Required work -> Would you please transcribe the records below exactly, leaving out the pictures?

Data section ->
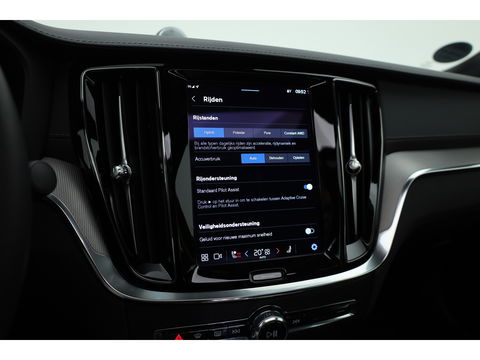 Volvo S60 T8 Polestar Engineered ''Uniek 455PK!'' | Pano | HUD | 360cam | Bowers & Wilkins | Pilot Assist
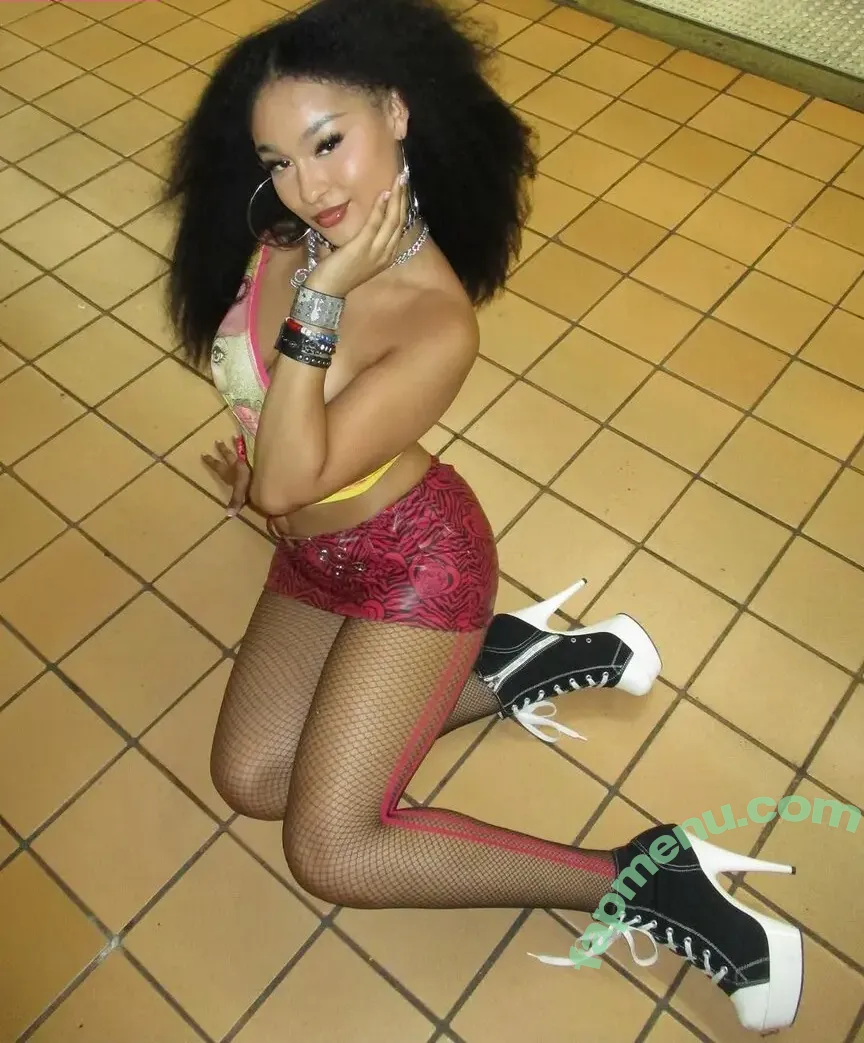 veondremitchell nude photo #0127 (Veondre)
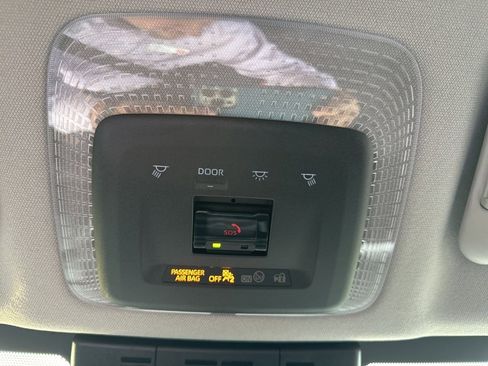 Certified 2024 Toyota Prius LE image 24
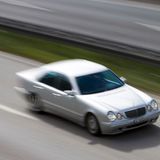 "Heute morgen auf der A650 zwischen Mannheim und Heidelberg! Erlaubtes Tempo 120km/h, das Ufo überholte mich mit geschätztem Tempo 180 - 200 km/h", berichtet T. Bappert aus Ludwigshafen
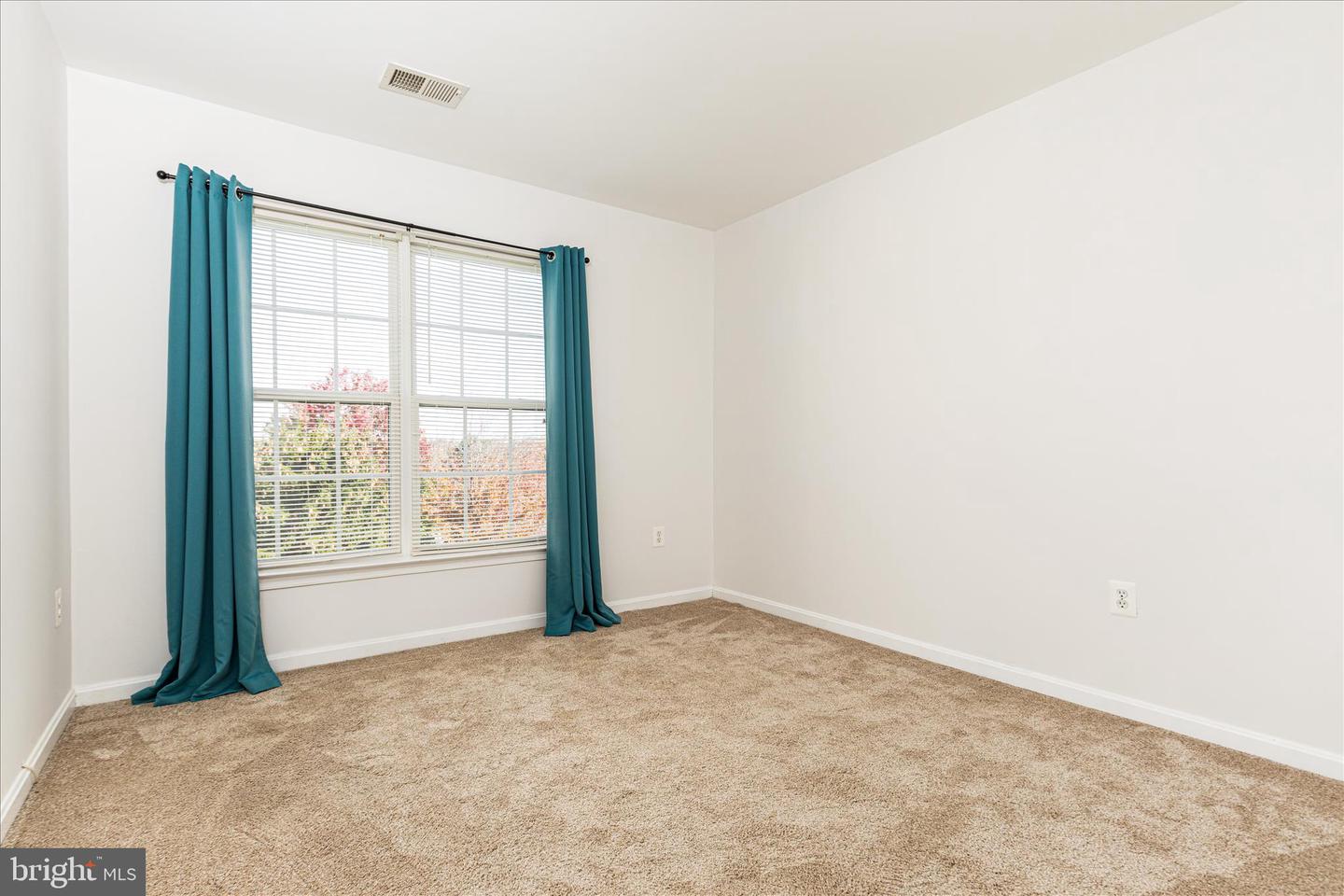 Round Hill, Virginia, 20141, United States, 4 Bedrooms Bedrooms, ,4 BathroomsBathrooms,Residential,For Sale,1987727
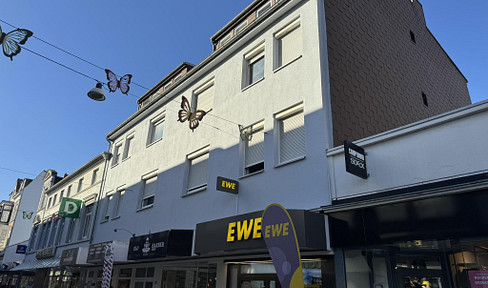 Highly profitable residential and commercial building in prime pedestrian zone location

Result of this task ->
 Volvo S60 T8 Polestar Engineered ''Uniek 455PK!'' | Pano | HUD | 360cam | Bowers & Wilkins | Pilot Assist
 veondremitchell nude photo #0127 (Veondre)
 Certified 2024 Toyota Prius LE image 24
 "Heute morgen auf der A650 zwischen Mannheim und Heidelberg! Erlaubtes Tempo 120km/h, das Ufo überholte mich mit geschätztem Tempo 180 - 200 km/h", berichtet T. Bappert aus Ludwigshafen
 Round Hill, Virginia, 20141, United States, 4 Bedrooms Bedrooms, ,4 BathroomsBathrooms,Residential,For Sale,1987727
 Highly profitable residential and commercial building in prime pedestrian zone location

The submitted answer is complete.